<<<<
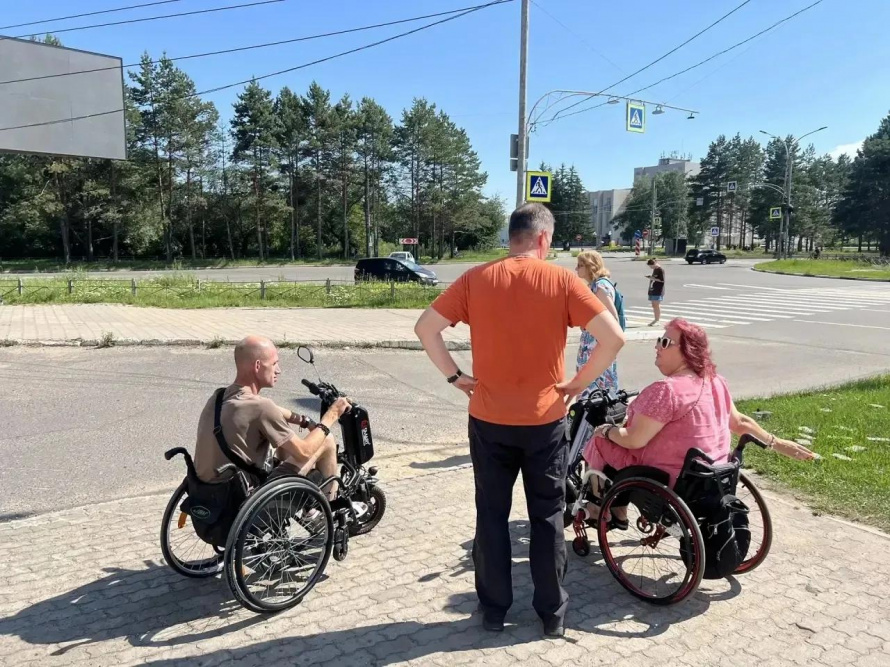 Свой очередной еженедельный объезд дворов и прилегающих территорий посвятил доступной среде.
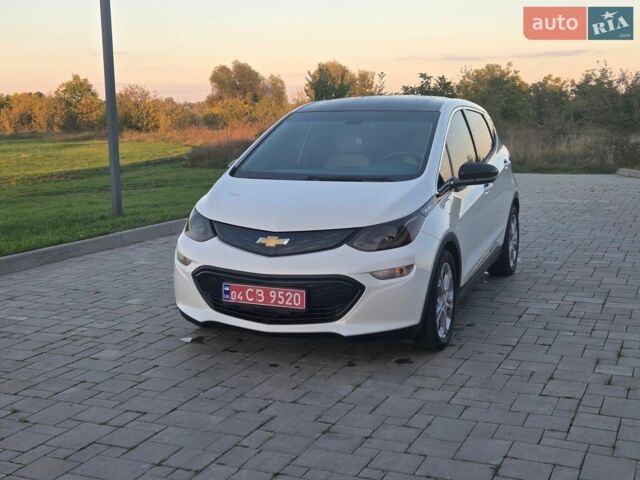 Білий Шевроле Bolt EV, об'ємом двигуна 0 л та пробігом 73 тис. км за 15400 $, фото 1 на Automoto.ua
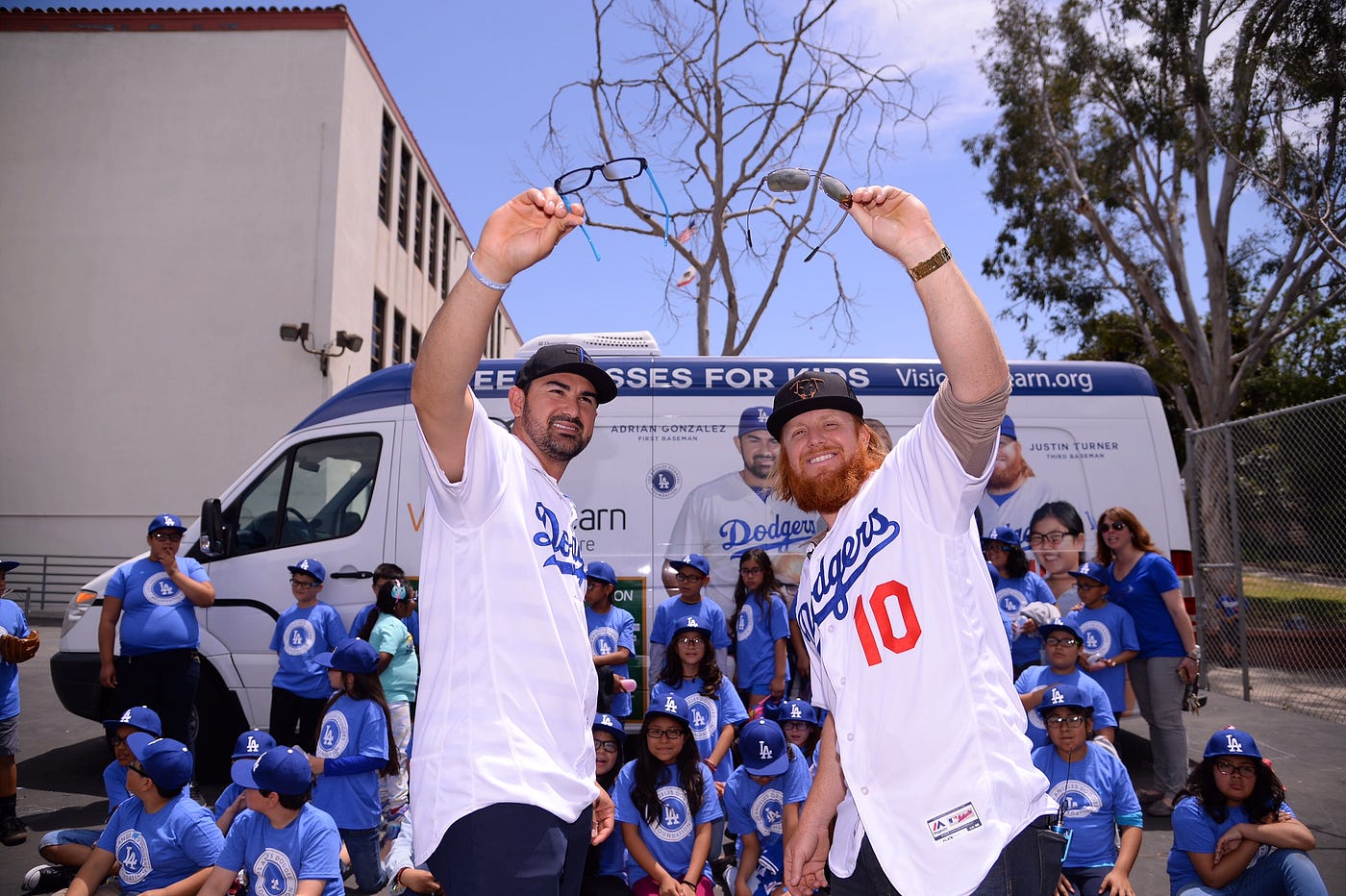 Giving the gift of sight. Justin Turner and Adrián González…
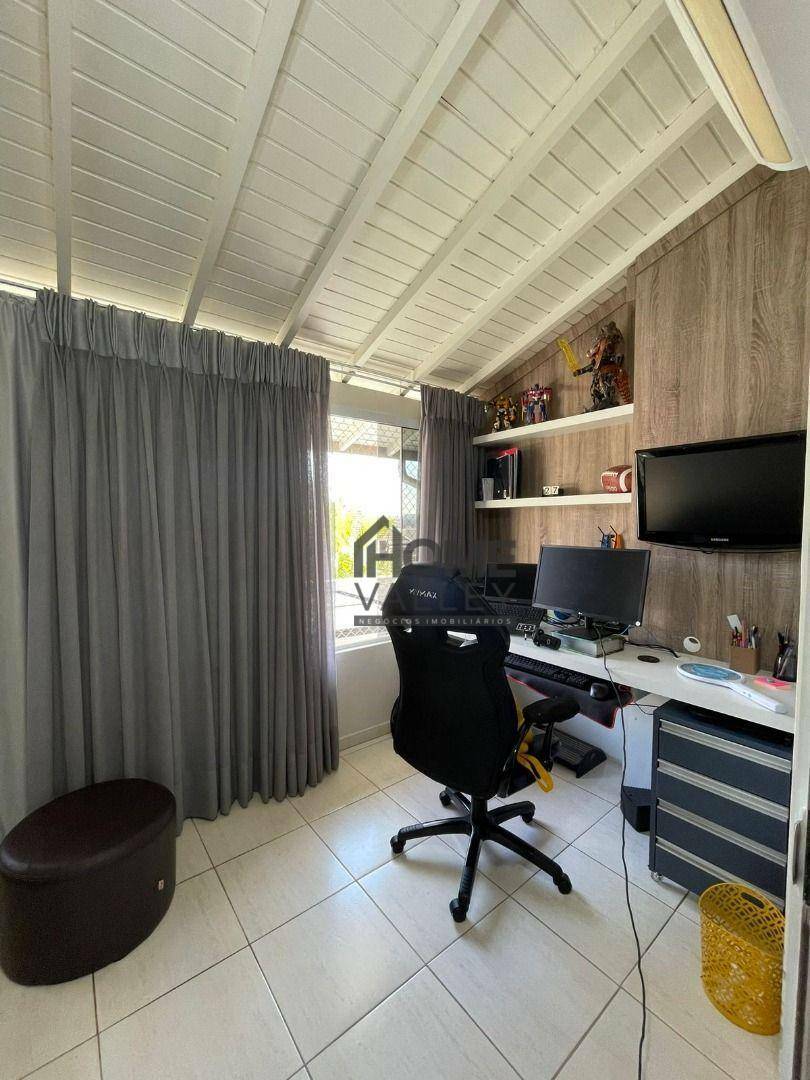 Casa de Condomínio à venda com 3 quartos, 354m² - Foto 52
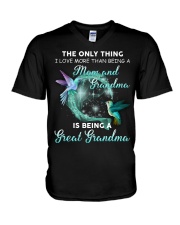 THE ONLY THING - PERFECT GIFT FOR GREAT GRANDMA V-Neck T-Shirt tile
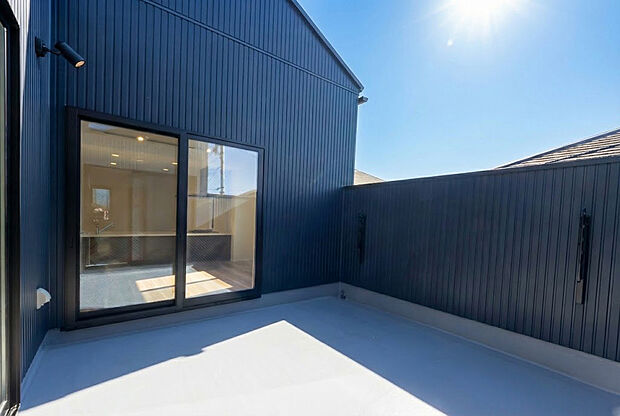 「清々しいバルコニー」
広々としたバルコニーは陽当たりはもちろん、解放感や眺望も楽しめます。
碧空を満喫し心が透きとおる。癒される心地よい空間。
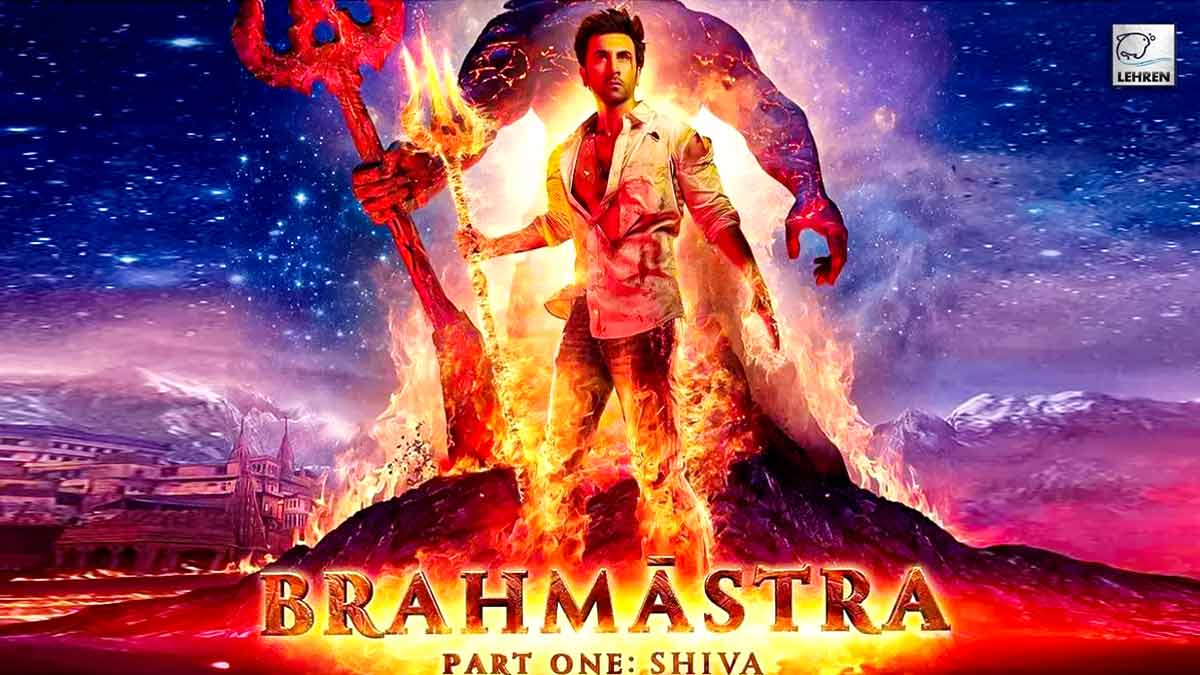 अयान ने हाल ही में आयोजित News18 शोशा रील अवार्ड्स में 'ब्रह्मास्त्र: पार्ट वन- शिवा' के लिए सर्वश्रेष्ठ निर्देशक का अवॉर्ड जीता. अपने प्यार और जुनून की परियोजना के लिए अपना पहला पुरस्कार जीतने के लिए उत्साहित, वे कहते हैं, 'यह मेरे लिए विशेष है, क्योंकि सच कहा जाए, तो यह एक ऐसी फिल्म नहीं थी जिसके लिए हमें पुरस्कार मिले, लेकिन अब हम लोकप्रिय वोट पा रहे हैं, जो मुझे वास्तव में अच्छा लगता है. पुरस्कार आपको हमेशा अच्छा महसूस कराते हैं. अपने काम के लिए सराहना मिलना अच्छा है.'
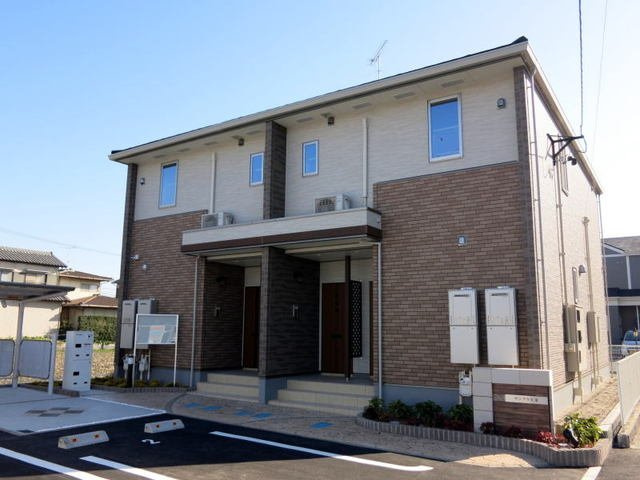 サンプラスⅢの外観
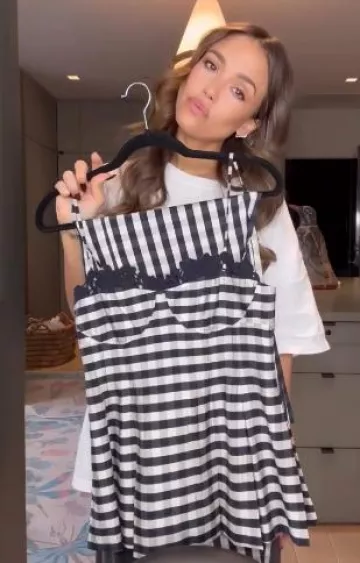 Rebecca Taylor. Pantalón de cintura alta de sarga a cuadros vichy usado por Jessica Alba en su publicación de Instagram el 25 de abril de 2025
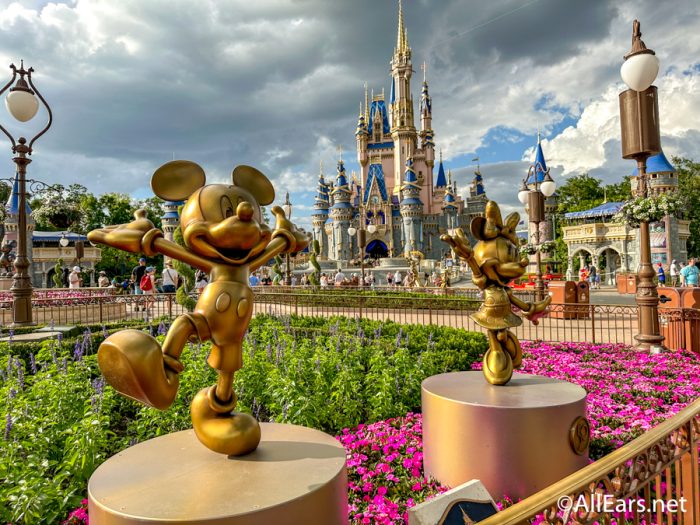 New Jim Shore Walt Disney World 50th Anniversary Astro Orbiter Mickey Mouse  Statue - WDW News Today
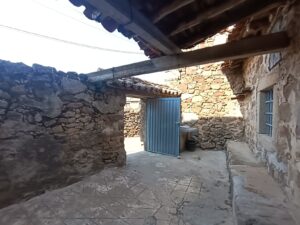 Casa de pueblo con patio en Aldeanueva de Santa Cruz (Ávila)
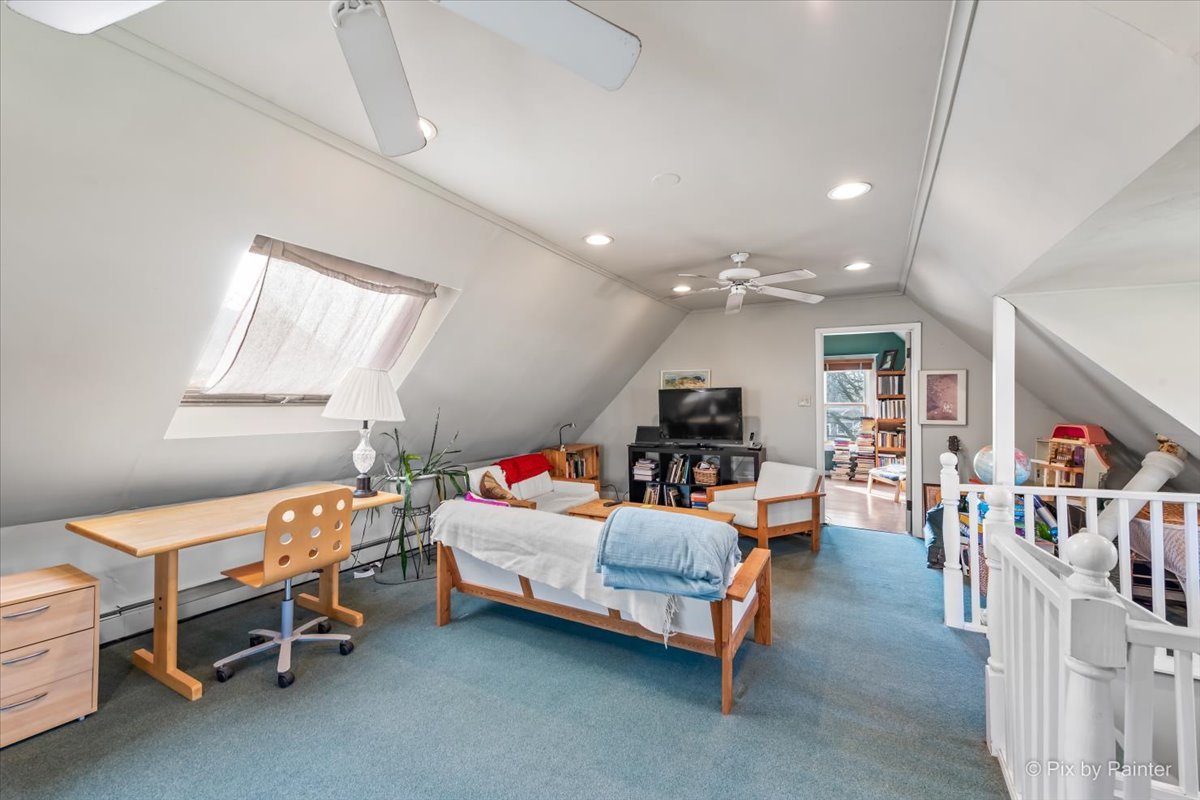 84 Kimbark Road Riverside, IL 60546 - Photo 23 of 40 a bedroom with furniture and a bed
>>>>
With the pictures removed, copy the data above word for word.

◆ Output for this task:
 Свой очередной еженедельный объезд дворов и прилегающих территорий посвятил доступной среде.
 Білий Шевроле Bolt EV, об'ємом двигуна 0 л та пробігом 73 тис. км за 15400 $, фото 1 на Automoto.ua
 Giving the gift of sight. Justin Turner and Adrián González…
 Casa de Condomínio à venda com 3 quartos, 354m² - Foto 52
 THE ONLY THING - PERFECT GIFT FOR GREAT GRANDMA V-Neck T-Shirt tile
 「清々しいバルコニー」
広々としたバルコニーは陽当たりはもちろん、解放感や眺望も楽しめます。
碧空を満喫し心が透きとおる。癒される心地よい空間。
 अयान ने हाल ही में आयोजित News18 शोशा रील अवार्ड्स में 'ब्रह्मास्त्र: पार्ट वन- शिवा' के लिए सर्वश्रेष्ठ निर्देशक का अवॉर्ड जीता. अपने प्यार और जुनून की परियोजना के लिए अपना पहला पुरस्कार जीतने के लिए उत्साहित, वे कहते हैं, 'यह मेरे लिए विशेष है, क्योंकि सच कहा जाए, तो यह एक ऐसी फिल्म नहीं थी जिसके लिए हमें पुरस्कार मिले, लेकिन अब हम लोकप्रिय वोट पा रहे हैं, जो मुझे वास्तव में अच्छा लगता है. पुरस्कार आपको हमेशा अच्छा महसूस कराते हैं. अपने काम के लिए सराहना मिलना अच्छा है.'
 サンプラスⅢの外観
 Rebecca Taylor. Pantalón de cintura alta de sarga a cuadros vichy usado por Jessica Alba en su publicación de Instagram el 25 de abril de 2025
 New Jim Shore Walt Disney World 50th Anniversary Astro Orbiter Mickey Mouse  Statue - WDW News Today
 Casa de pueblo con patio en Aldeanueva de Santa Cruz (Ávila)
 84 Kimbark Road Riverside, IL 60546 - Photo 23 of 40 a bedroom with furniture and a bed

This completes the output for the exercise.